:: INFORMATION PROVIDED ::
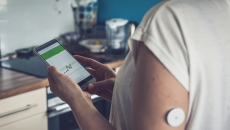 A close up of a person wearing a CGM while tracking glucose levels on their phone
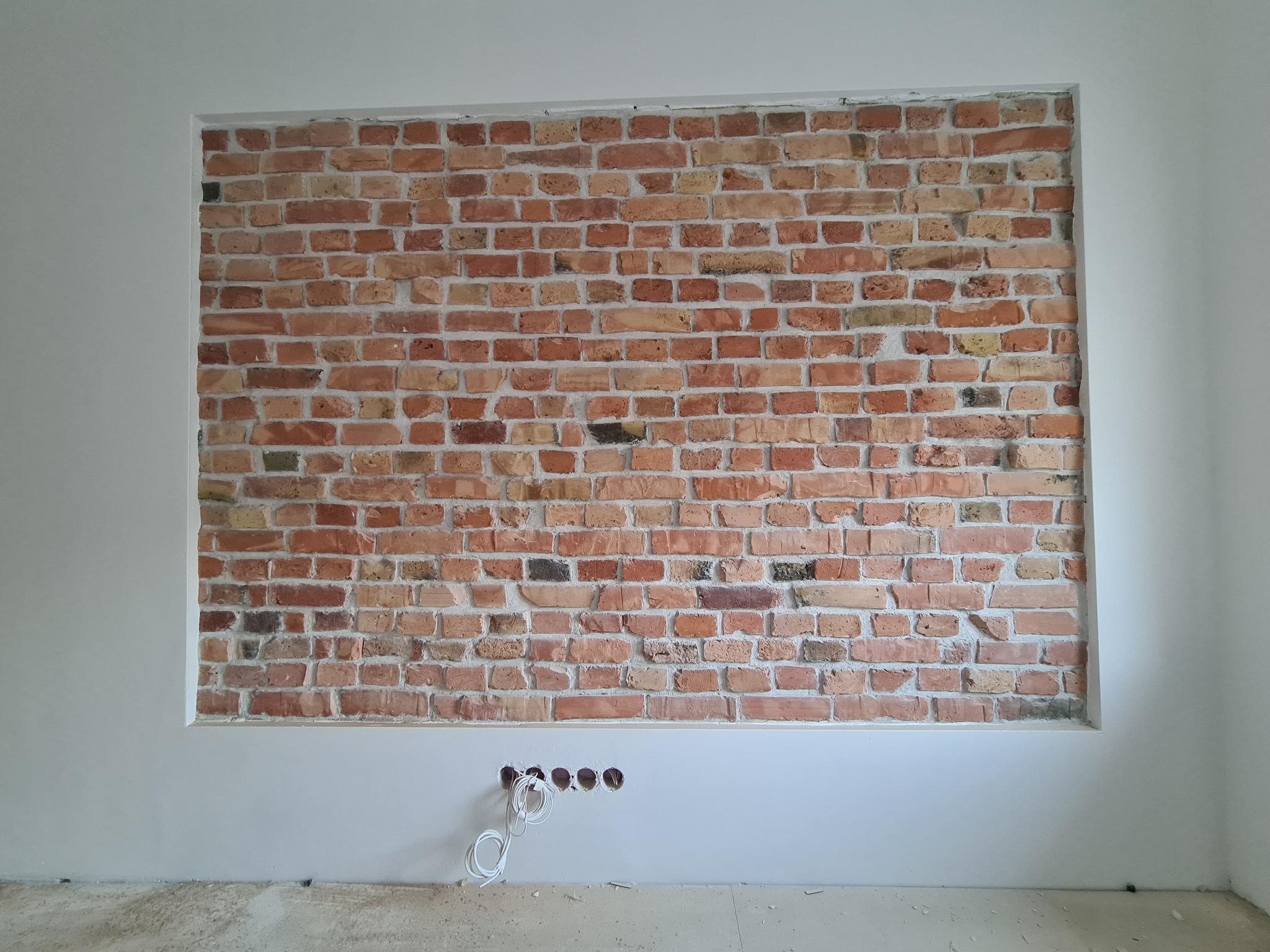 Fragment ściany z dekoracyjną cegłą, otoczony pomalowanym na biało fragmentem, w dolnej części widoczne otwory na kable.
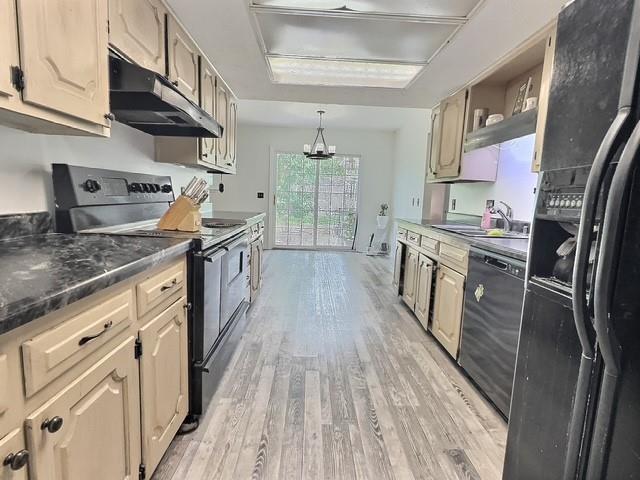 1024 E 12th St, Cushing, OK 74023 - kitchen featuring range with electric stovetop, black refrigerator with ice dispenser, under cabinet range hood, dishwashing machine, and light wood-style flooring
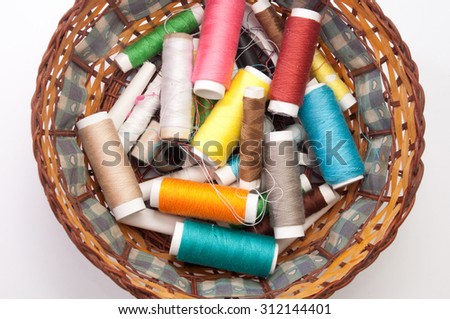 Colorful sewing thread in a wicker basket.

:: PROBLEM TO SOLVE ::
For this exercise, output only the lines from the one bearing "1024 E 12th" to the end of the material above, exactly as written, with pictures left out.

:: RESPONSE AREA ::
 1024 E 12th St, Cushing, OK 74023 - kitchen featuring range with electric stovetop, black refrigerator with ice dispenser, under cabinet range hood, dishwashing machine, and light wood-style flooring
 Colorful sewing thread in a wicker basket.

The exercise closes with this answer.